Give circuit for x to g to the x-th mod N for g, x.
We might as well assume they're less than N.
Well, the obvious way to do this--
take g, then multiply it by itself,
and then multiply it by g again and multiply it by g again,
multiply it by g again--
is really not efficient, because if N is a 300-digit number,
you need to multiply g by itself, well, google times.
And that's not going to work.
So efficient algorithm is repeated squaring.
And I will give you the--
I will not give you the most efficient version of this.
But I'll give you one that's actually pretty reasonable.
So let x be 100101001 in binary.
So compute g, g squared mod N. That's easy.
We just take g and multiply it by itself.
And maybe I'll say something a little bit later
about how we do that.
g to the fourth mod N, g to the--
let's see, 1, 2, 4, 8, 16, 32, 64, 128--
256 mod N. So each of these, we're taking a 300-digit number
and squaring it.
So it's very easy to do with a classical computer
and on a quantum computer, if you
have a working quantum computer that handles 300-digit numbers.
So we need to compute these.
And now, we write down the digits of g.
So that was 1000--
Ah, OK, I think I've made a palindrome
for g, which was a mistake.
We take 101 dot, dot, dot, dot.
And wherever there is a 1, we multiply by g.
So we multiply g times g to the fourth.
And then we do mod N. And then multiply it by g to the sixth.

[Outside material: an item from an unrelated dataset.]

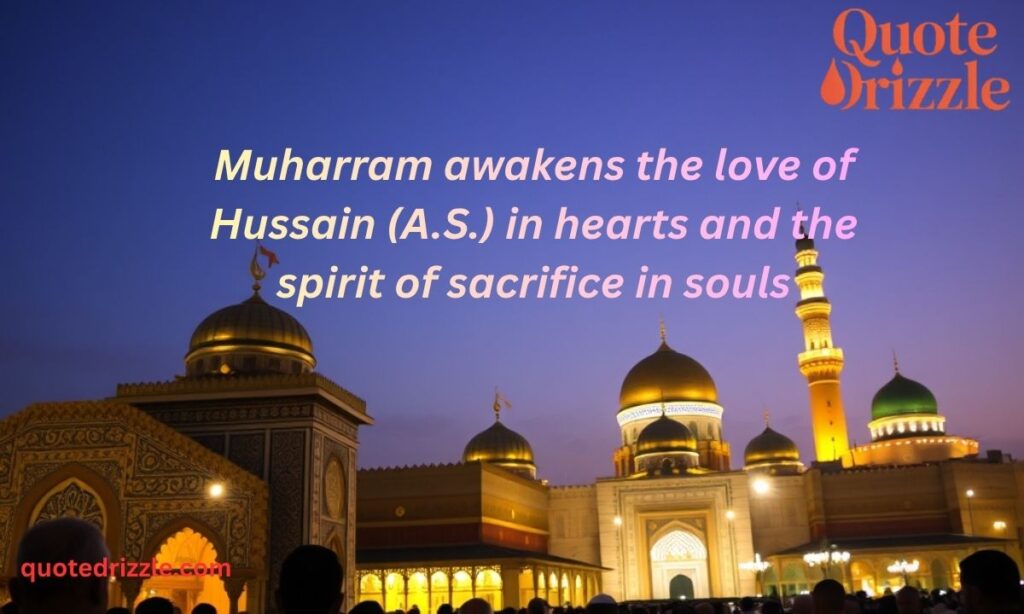 Who Was Imam Hussain (R.A.)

That's this one, reduce it by mod N--
or rather, g, g to the fourth.
Then we multiply it by g to the eighth, g to the 16th.
So there's a 1 here.
So we get g times g fourth times g to the 16th times g
to the 256th, which is what we want.
And we can do this.
So we can do this using a controlled multiplication
by g squared, a controlled multiplication
by g to the fourth, et cetera.
And we can actually precompute g, g squared, g to the fourth,
classically, and then just build the quantum circuit
for controlled multiplication by this number.
And we can do all this using Toffoli
gates, because this is a reversible classical circuit,
because we're keeping the input around--
x to g to the x-th.
Well, no, if you remember our circuit, we started with x.

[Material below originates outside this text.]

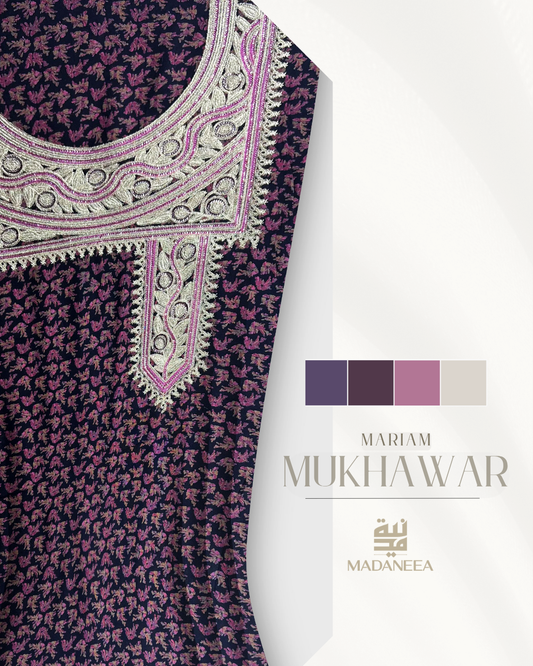 Mariam | Pink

And then we got x comma g to the x-th.
So we're keeping the input around,
so we can do this computation.
So this is an algorithm for exponentiation,
which only-- ah, yeah.
The other thing I wanted to say, how long does this take.
This Well, using longhand multiplication,
you need to do O of N multiplies mod N. And that's each.
So you remember your multiplication algorithm
from grade school.
You multiply each digit of the first number
with each digit of the second number, and you add them up.
That's N squared steps, because for each digit
of the first number--
or rather, not.
I'm sorry, mod log N, there are log N bits in an N-digit
number--
or log N bits in a number N. So there
are O of log N multiplies--
to N multiplies.
And each of these takes O of log to N squared.
So this is log N cubed altogether.
So we have an O of log N cubed algorithm
for factoring on a quantum computer.
And there are faster multiplication algorithms
around.
But if you look at them, well, first there's Karatsuba.
I don't know if you know what Karatsuba algorithm is.
But there is a problem with the Karatsuba-- at least,
there was the first time I looked
at it, which is, when you're doing a reversible circuit,
you generate garbage.
And there doesn't seem to be any way of doing Karatsuba
without generating a lot of garbage
and then cleaning it up, which means
you need more qubits for it than you would need if you
used longhand multiplication.
And that's a big problem, because qubits
are probably harder to make than time on a quantum computer.
And there's another algorithm for multiplication,
which is Schonhage-Strassen, but classically, it doesn't really
start helping until you get to numbers
that are considerably bigger than 300 bits or 300 digits.
So I think the best algorithm--
actually, this may have changed recently--
but the best algorithm people knew about 5,
10 years ago was longhand multiplication
for quantum computers.